Niamey, March 14, 2025 – Niger’s military junta has taken decisive action against foreign influence, ordering the leadership of three Chinese oil companies—Soraz, Wapco, and CNPC—to exit the country within 48 hours as of Thursday, March 13. The move underscores Niamey’s resolve to assert sovereignty over its resources, with authorities vowing that “all those, whether Western or Eastern, who work against the interests of the Nigerien people and violate state regulations will face firm and exemplary treatment.”
A Sovereign Stand Against Non-Compliance
The expulsion directive, issued Wednesday, targets the directors of the Zinder-based Soraz refinery (60% owned by China National Petroleum Corporation, CNPC), Wapco (operator of the Niger-Benin oil pipeline), and CNPC itself, which extracts crude from the Agadem oilfield. Sources close to the government, cited by Reuters and local media, confirmed the officials departed by Friday afternoon, meeting the 48-hour ultimatum. Posts on X from users like @Nath_Yamb and @Malibooknews hailed the decision as a patriotic defense of Nigerien interests, echoing the junta’s rhetoric since its July 2023 coup.
The junta accuses these firms of flouting Resolution No. 2024-34, enacted August 2024, which mandates foreign entities to prioritize Nigerien welfare in resource allocation. Specific grievances include stark pay disparities—Chinese executives reportedly earn three to four times more than local counterparts—and refusal to favor local suppliers, per pro-regime activist Ibrahim Bana quoted in Tamtaminfo. A separate incident last week saw Niger revoke the license of the Chinese-run Soluxe Hotel in Niamey for alleged discriminatory practices, amplifying tensions.
Fuel Crisis as Catalyst
The order coincides with an unprecedented gasoline shortage gripping Niger for weeks, blamed on the trio’s operations. Soraz, supplying state oil firm Sonidep, delivers only 23-25 fuel trucks daily against a national need of 38 (two million liters), per an EFE-cited Sonidep official. Drivers face endless queues with no guarantee of fuel, a crisis some attribute to deliberate underproduction by Soraz—allegedly prioritizing exports over local needs despite Niger’s 110,000-barrel-per-day crude output.

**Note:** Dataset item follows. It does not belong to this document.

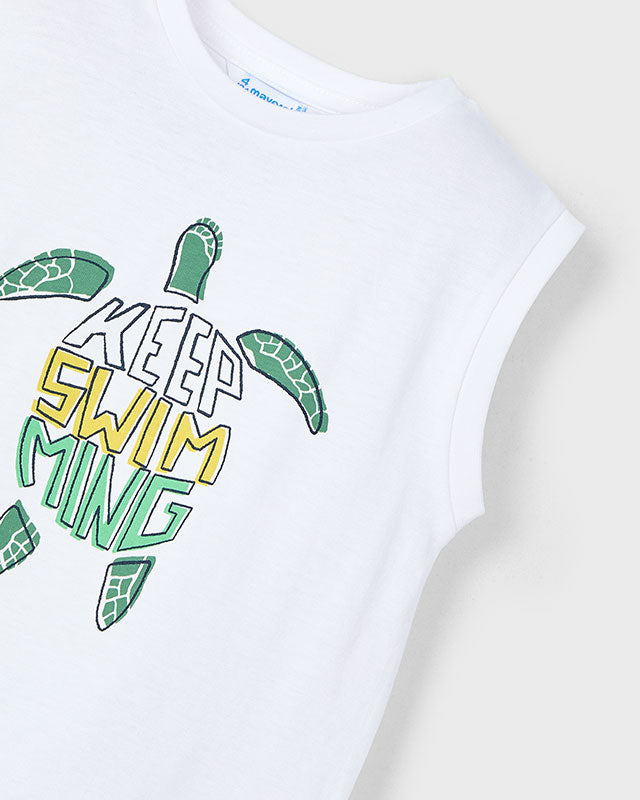 Canottiera bambino Mayoral bianca stampa Tartaruga Mayoral Bianco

The junta frames this as a betrayal of its “Nigerization” push, launched in February by Oil Minister Sahabi Oumarou to boost local staffing and revise wage gaps.
Broader Geopolitical Ripples
Niger’s hardline stance reflects a regional trend of military governments—also in Mali and Burkina Faso—reclaiming control from foreign powers, be they France (expelled in 2023) or now China. Beijing’s $4 billion-plus investment in Niger’s oil sector, including the Agadem fields and 2,000-kilometer pipeline to Benin’s Sèmè port, faces scrutiny as Niamey demands equitable returns. Security threats, like the March 11 pipeline explosion in Dosso and February’s kidnapping of Chinese workers near Agadem, further complicate the partnership, though recent defense pacts with Soraz and Wapco signal intent to safeguard operations.
Posts on X, like @moloubakotty’s “How not to love these patriots defending African interests?” capture public support, but the abrupt expulsions risk souring ties with China, a key economic ally. Neither the junta nor the companies have officially commented, leaving the next steps uncertain as Niger navigates its sovereign path amid a volatile Sahel landscape.